Der Ulmer Dekan Ernst-Wilhelm Gohl sagte, immer wenn es schwierig werde, werde versucht, Religion zur Privatsache zu erklären, und man meine, damit das Problem gelöst zu haben. Er rief dazu auf, selbstbewusst für die positive Religionsfreiheit einzutreten, die „eine Antwort unseres Grundgesetzes auf die Barbarei gewesen ist, in der eine scheinbar aufgeklärte Zeit geendet hat.“ „Wo keine Götter sind“, zitierte er Novalis, „walten Gespenster.“ Die Synodale Dr. Waltraud Bretzger wies darauf hin, dass es nötig sei, „von unserem heimlichen Christentum wegkommen zu einer öffentlichen Vertretung unserer Werte und dazu, zu zeigen, wofür wir stehen.“ Landesbischof Dr. h. c. Frank Otfried July kündigte an, dass man in der bundesweiten Kirchenkonferenz geistlicher Leiter in der kommenden Woche darüber sprechen werde. „Glaube ist persönlich, aber nicht privat“, so July.

Nachtragshaushalt
Mit großer Mehrheit bei nur einer Enthaltung hatte die Landessynode zuvor den 1. Nachtragshaushalt 2017 verabschiedet. Er hat ein Volumen von 1.148.000 Euro für befristete Maßnahmen. Die laufenden Kosten liegen bei 261.600 Euro pro Jahr.

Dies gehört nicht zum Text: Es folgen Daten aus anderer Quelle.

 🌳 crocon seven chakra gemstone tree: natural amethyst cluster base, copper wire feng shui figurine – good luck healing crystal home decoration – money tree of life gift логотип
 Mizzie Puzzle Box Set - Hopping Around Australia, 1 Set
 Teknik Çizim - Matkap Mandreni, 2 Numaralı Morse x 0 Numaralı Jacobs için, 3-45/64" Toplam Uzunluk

Wie Finanzdezernent Dr. Martin Kastrup berichtete, schlägt beispielsweise das Projekt „Lieder App“, das Gottesdienstlieder auf Smartphones und Tablets bringen soll, mit 500.000 Euro Investitionskosten sowie 134.000 Euro an laufenden Kosten für die Zeit bis 2022 zu Buche. Für die Weiterentwicklung der kirchlichen Kommunikationsstrategie unter externer Begleitung sind 200.000 Euro vorgesehen. Knapp 173.000 Euro fließen in die kirchliche Begleitung der Bundesgartenschau 2019 in Heilbronn, wobei eine wesentliche Refinanzierung durch Landeszuschüsse erwartet wird. Der Rest soll durch Budgetrücklagen erfolgen. 150.000 Euro gehen an die Projektstelle Prävention von sexualisierter Gewalt.

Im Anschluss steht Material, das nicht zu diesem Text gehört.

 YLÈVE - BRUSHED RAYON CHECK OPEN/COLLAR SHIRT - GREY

Der Vorsitzende des Finanzausschusses Michael Fritz betonte, sein Ausschuss wolle die Finanzierung der „Lieder App“ wegen der hohen Kosten im Rahmen der Haushaltsberatungen 2018 noch einmal überprüfen. Fritz informierte die Synode darüber, dass der Finanzausschuss die Sperrvermerke für den Bau einer neuen Unterrichtsorgel an der Hochschule für Kirchenmusik Tübingen und für die Sanierung des Diakonischen Werks Württemberg in Stuttgart aufgehoben hat. Darüber hinaus mahnte er zur Sparsamkeit: „Große Aufgaben – große Gestaltungsmöglichkeiten. Wir werden diese nur schaffen, wenn wir unsere Kräfte aufs Wesentliche konzentrieren.“

Kirche im ländlichen Raum
„Die Zukunft der Kirche in ländlichen Räumen wird vielfältiger und heterogener sein als heute“, prognostizierte Dr. Thomas Schlegel von der Evangelischen Kirche in Mitteldeutschland (EKM). Es werde nicht mehr „die große Lösung für eine ganze Landeskirche geben“. Entscheidend sei das Potenzial der Akteure vor Ort – und dass Landeskirchen flexible Rahmenbedingungen gewährleisteten. Schlegel nannte Beispiele wie „mobile Kirche“, die nicht mehr dauerhaft, sondern verlässlich tageweise an Orten präsent ist, kleine Andachts- oder Gottesdienstkerne vor Ort sowie Dorfkirchen, die sich anlässlich von Aktionen und Projekten verbinden. „Da ist nicht mehr die eine Kirche, die versorgt und damit definiert, wie Kirche auszusehen hat. Da ist eine Kirche, die gewährleistet und als Dienstleister für die Akteure vor Ort auftritt.“ Den Schwerpunkt Kirche in ländlichen Räumen vertieften die Synodalen in Workshops.

Am Abend werden zu diesem Thema noch Friedlinde Gurr-Hirsch, Staatssekretärin im baden-württembergischen Ministerium für Ländlichen Raum, Ernährung und Verbraucherschutz, sowie der Geschäftsführer des Evangelischen Bauernwerks in Württemberg e. V. und EKD-Beauftragte für agrarsoziale Fragen, Dr. Clemens Dirscherl sprechen. Am Samstag wird die Synode sich unter anderem mit den Beratungen zum PfarrPlan 2024 beschäftigen.